Let $X$ be a real-valued random variable, with a density $p$ with respect to the Lebesgue measure. The differential entropy is defined as
$$ h(X) = -\int \ln p(x) p(x) dx$$
given the right side exists. The variance of $X$ is defined as $$\operatorname{var}[X] = \int (x-\mathbb{E}[X])^2 p(x) dx,$$ again given that the right side exists.
In these lecture notes I found online it is stated without proof that $$ \operatorname{var}[X] < \infty \implies h(X) < \infty.$$
I could not find a reference and I do not immediately see how this could work. What I could imagine is that they meant $p \in \mathcal{L}^2$, which would then by Jensen's inequality give $-h(X) \leq \ln \int p^2(x) dx <\infty.$
Is there a proof for the claimed property?

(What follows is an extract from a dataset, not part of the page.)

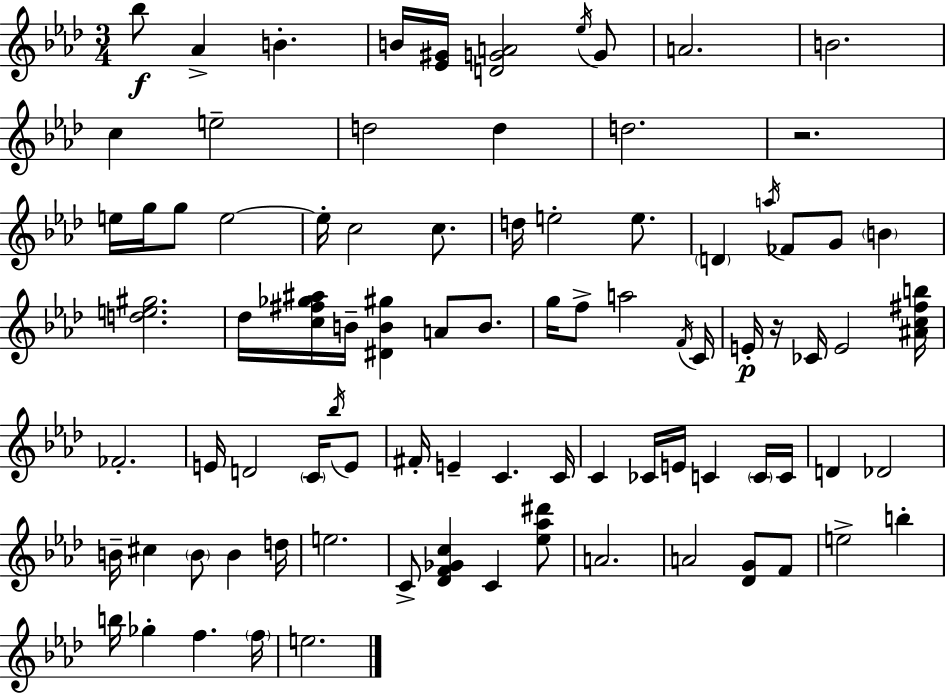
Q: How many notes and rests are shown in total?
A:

Suppose $X$ has finite variance. Then since the integral converges,
$$(x-\mathsf{E} X)^2p(x)\underset{x\to\pm\infty}{\longrightarrow} 0.$$
Recall that $\mathsf{E} X$ is some (finite) number, so $p(x)=o(1/x^2)$ when $x\to\pm\infty$. It follows that
$$p(x)\ln(1/p(x))=o(\log x/x^2).$$
So the integral converges by a comparison test. As you can see, it is somewhat far to being a necessary condition as well (we only need $p(x)$ to decay slightly faster than $1/x$).